Zararlıların geometrik bir oranda büyümesi, çamların toplu olarak geri dönüşüne neden olur. Önce iğnelerin rengi değişir, sürgünler solar, iğneler açık yeşile döner, sonra sararır ve düşer. Ağaçların kırmızı taçları uzaktan görülebilir. Daha da kötüsü, diğer zararlı böcekler, örneğin nar ve daha büyük iskorbüt gibi ağaçların zayıflamasından yararlanır. Keskin dişli kabuk böceği (ladin kabuğu böceğine benzer) ile mücadelenin tek yöntemi talaş ağaçlarının tespiti ve zamanında kaldırılmasıdır. Sadece tek yerleşim yerlerinin normal koşullarında amacını yerine getiren bu tür bir eylem, kitlesel ölçekte yalnızca ahşap kaybını en aza indirmeye hizmet eder - stantlar zaten kurtarmaz.

İklim ısınması - bazı türler için kayıp, diğerleri için fayda

Son yıllarda başlayan iklim değişiklikleri, şüphesiz en önemlileri ekonomik olmak üzere sayısız türün dağılım aralığını etkileyecektir. Gözlenen değişim eğilimleri dikkate alındığında, bazı türlerin kaybeden grupta yer alacağı ve diğerlerinin kazanılacağı sonucuna varılabilir. İlki, kuzeye doğru yüzyıllardır işgal edilen bölgelerden çekilecek, bunlar: Norveç ladin, sarıçam, siğil huş ağacı, karaçam. En geniş alanda optimum iklim koşullarını kaybedecekler.

Orman oluşumu döneminde daha sonra ortaya çıkan türler: Avrupa kayını, gümüş köknar, adi dişbudak ve saplı ve sapsız meşeler, daha az dinamik değişiklikler gösterir. Kara çekirge ve çınar akçaağaç ve belki de 19. yüzyılda Polonya'ya getirilen Douglas köknarı, iklimin ısınmasından yararlanabilir. Bugün güney Avrupa'da yetişen ağaçların göçünü desteklemek maksatlı olabilir.

Bazı türler yok olacak - orman kalacak

Orman alçakgönüllülüğü ve sabrı öğretir. Ekinlerin tür bileşimine karar verebilir, monokültürler kurabilir veya yabancı türler tanıtabilirsiniz ve bir gecede veya yıldan yıla kötü bir şey olmayacak. Sadece bu doğa, bakanlıklar tarafından değil, Doğa tarafından belirlenen yasalara tabidir. Bilgi eksikliği, uzun süreli gözlemden kaynaklanan deneyimin göz ardı edilmesi, uzak veya yakın gelecekte bir orman krizine yol açmalıdır.

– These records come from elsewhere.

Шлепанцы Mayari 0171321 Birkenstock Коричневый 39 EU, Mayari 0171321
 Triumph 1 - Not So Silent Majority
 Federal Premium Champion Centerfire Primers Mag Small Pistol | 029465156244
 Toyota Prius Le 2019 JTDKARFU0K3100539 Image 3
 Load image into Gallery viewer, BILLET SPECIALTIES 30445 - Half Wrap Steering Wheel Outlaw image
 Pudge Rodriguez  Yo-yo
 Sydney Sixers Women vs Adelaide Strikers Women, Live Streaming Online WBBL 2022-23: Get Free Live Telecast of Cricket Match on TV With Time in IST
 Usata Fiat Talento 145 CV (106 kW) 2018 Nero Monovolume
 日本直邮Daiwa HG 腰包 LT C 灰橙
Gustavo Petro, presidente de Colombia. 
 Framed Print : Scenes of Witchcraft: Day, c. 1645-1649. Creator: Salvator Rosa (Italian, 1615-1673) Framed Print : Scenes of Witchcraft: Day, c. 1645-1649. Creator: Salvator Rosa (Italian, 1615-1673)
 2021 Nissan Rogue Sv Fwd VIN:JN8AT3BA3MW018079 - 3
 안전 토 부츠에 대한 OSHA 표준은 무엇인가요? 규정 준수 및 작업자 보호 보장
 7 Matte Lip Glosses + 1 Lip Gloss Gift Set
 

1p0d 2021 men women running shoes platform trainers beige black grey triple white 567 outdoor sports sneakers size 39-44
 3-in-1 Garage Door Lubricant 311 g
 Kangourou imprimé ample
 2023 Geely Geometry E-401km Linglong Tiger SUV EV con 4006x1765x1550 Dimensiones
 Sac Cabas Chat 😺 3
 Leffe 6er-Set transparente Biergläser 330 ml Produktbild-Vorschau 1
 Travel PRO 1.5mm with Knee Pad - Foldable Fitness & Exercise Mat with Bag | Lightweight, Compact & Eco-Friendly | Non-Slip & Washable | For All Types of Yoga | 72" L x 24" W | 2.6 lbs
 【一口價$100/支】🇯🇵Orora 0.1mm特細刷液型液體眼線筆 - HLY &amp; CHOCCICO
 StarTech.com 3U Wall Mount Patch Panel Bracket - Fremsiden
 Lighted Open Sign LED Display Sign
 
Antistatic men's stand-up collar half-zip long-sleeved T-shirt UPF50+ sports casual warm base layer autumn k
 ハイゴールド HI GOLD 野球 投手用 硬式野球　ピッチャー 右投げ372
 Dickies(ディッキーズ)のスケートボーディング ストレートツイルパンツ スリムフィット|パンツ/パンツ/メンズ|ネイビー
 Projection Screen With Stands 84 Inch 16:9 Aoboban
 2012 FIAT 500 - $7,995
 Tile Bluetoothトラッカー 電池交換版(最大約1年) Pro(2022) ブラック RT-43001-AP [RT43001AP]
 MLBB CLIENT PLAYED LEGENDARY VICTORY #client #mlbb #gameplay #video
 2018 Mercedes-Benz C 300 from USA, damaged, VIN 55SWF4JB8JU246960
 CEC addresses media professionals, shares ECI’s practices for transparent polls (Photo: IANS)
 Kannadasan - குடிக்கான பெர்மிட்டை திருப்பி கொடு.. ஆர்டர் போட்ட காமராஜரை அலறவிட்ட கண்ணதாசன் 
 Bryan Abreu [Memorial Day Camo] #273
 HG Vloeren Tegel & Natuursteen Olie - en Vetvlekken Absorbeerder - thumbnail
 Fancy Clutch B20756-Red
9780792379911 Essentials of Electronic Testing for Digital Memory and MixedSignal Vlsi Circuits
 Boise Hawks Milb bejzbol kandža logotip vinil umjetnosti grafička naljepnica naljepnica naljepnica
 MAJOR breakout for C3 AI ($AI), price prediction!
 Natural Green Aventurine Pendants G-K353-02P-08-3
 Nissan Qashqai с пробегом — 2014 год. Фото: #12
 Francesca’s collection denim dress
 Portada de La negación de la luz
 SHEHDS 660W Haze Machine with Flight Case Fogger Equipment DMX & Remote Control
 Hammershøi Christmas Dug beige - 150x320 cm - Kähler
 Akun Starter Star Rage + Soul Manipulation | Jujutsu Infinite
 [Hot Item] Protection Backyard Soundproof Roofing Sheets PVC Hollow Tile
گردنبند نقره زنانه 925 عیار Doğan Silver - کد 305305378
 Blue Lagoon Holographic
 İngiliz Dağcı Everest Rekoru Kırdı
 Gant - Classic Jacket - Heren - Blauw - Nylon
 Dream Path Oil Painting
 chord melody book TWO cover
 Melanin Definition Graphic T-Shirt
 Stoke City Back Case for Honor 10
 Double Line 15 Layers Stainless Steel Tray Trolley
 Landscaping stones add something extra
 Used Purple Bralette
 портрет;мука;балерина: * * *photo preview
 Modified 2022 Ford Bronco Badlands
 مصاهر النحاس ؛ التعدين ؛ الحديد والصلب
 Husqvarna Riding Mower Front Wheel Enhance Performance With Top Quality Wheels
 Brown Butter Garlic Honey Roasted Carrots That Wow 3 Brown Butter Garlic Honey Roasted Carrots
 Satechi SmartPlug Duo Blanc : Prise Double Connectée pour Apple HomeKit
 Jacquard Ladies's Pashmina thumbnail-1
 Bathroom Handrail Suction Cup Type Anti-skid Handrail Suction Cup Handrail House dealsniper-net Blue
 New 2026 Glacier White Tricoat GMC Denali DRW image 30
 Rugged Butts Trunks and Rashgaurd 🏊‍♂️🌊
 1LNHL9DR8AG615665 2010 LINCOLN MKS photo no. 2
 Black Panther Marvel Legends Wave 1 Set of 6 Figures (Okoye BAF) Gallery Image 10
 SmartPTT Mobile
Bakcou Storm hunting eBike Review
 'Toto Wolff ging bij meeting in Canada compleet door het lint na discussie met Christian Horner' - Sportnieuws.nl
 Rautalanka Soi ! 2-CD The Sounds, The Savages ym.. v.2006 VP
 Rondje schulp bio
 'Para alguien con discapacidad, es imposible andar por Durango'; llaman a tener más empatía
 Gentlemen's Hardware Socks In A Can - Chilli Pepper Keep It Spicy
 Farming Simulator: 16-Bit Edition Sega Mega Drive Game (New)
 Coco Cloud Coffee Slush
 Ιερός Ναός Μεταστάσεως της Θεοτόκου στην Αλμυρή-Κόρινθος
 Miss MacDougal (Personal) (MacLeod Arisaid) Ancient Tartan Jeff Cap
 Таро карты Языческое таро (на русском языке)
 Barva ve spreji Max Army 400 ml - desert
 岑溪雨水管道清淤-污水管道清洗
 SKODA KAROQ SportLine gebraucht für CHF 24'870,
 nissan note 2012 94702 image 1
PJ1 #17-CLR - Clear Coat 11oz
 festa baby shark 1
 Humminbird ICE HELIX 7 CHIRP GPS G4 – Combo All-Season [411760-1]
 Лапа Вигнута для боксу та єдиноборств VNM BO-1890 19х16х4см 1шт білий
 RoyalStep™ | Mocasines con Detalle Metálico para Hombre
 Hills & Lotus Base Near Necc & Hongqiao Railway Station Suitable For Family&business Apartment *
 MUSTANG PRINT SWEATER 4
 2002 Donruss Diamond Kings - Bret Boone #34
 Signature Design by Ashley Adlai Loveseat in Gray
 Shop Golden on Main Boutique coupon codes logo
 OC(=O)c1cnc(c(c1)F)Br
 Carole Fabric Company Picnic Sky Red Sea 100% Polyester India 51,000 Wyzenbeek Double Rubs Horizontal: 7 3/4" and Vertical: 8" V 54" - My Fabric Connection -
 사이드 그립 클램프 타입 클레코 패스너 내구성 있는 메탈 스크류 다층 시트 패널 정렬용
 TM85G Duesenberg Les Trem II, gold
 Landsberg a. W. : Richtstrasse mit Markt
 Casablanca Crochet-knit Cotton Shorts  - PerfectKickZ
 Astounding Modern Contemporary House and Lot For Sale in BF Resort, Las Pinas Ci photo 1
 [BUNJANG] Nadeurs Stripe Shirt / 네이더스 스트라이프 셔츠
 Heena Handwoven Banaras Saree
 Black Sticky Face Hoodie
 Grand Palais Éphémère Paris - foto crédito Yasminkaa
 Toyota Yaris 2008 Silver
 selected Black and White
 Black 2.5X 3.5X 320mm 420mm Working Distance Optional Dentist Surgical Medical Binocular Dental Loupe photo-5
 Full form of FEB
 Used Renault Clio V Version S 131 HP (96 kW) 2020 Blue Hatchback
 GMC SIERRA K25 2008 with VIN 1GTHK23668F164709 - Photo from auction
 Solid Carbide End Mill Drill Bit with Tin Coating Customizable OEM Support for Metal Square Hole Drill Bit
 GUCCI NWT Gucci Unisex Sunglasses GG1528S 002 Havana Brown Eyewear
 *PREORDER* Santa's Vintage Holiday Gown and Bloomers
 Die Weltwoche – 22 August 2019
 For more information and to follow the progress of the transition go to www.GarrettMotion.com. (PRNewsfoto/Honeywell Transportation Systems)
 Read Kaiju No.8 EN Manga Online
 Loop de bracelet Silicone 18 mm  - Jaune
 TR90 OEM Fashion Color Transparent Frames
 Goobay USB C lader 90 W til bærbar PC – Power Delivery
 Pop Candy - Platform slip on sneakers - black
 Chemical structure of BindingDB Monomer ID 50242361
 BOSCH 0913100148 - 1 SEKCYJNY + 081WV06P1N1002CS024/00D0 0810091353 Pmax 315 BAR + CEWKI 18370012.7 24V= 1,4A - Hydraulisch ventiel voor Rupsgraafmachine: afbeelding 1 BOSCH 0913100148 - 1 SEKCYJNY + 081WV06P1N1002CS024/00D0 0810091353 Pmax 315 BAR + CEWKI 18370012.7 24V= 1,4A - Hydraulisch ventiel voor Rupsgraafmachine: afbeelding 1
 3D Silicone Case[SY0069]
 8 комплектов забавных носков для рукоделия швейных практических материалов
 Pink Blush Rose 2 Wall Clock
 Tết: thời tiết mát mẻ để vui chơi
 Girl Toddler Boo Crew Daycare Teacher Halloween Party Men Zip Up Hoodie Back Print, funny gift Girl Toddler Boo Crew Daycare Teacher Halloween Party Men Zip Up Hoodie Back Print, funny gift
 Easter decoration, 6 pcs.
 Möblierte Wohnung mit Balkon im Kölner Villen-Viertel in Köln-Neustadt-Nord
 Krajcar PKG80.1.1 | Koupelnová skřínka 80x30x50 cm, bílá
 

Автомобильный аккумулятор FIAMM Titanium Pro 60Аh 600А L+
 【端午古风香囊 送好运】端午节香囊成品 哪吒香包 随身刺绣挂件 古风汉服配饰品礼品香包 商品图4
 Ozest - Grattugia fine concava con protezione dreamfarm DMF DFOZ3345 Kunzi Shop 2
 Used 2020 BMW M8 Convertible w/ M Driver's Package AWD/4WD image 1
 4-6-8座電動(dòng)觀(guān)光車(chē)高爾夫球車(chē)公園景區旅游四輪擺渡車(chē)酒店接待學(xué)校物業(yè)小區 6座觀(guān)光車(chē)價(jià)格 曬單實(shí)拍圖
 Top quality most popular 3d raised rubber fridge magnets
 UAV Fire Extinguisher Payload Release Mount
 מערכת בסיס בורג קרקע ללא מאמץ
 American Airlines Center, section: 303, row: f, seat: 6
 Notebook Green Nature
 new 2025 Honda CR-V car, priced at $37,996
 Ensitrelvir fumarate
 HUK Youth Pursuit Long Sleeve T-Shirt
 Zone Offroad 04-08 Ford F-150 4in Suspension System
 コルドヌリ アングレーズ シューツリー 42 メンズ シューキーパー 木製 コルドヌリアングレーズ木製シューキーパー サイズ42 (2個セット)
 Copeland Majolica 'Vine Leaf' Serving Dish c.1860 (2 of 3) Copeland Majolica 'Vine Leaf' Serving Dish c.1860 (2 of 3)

Ölmekte olan ladin, çam veya huş ağacının kurtarılması için yapılan tüm alarmlar ve çağrılar, elbette, meşhur tütsü değerine sahiptir. Doğa, insanın doğa üzerindeki egemenliğine olan inancımızı acımasızca doğrular ve silvikültür talimatlarımızın, kontrol sonrası önerilerimizin ve yukarıdan aşağıya yönergelerimizin ne kadar değerli olduğunu gösterir. Tüm bunlarda bir miktar iyimserlik de var - daha fazla eylem ve kayıpları en aza indirmenin bir ipucu. Bireysel türlerdeki değişikliklerin ölçeğinden emin olmadığımız için, yeni bir durumda hareket ederek, doğayı gözlemleyerek öğrenmekten başka seçeneğimiz yok. Ayrıca, bazı türler yok olsa bile, diğerlerinin geleceğine ve ormanın hala kalacağına inanılabilir.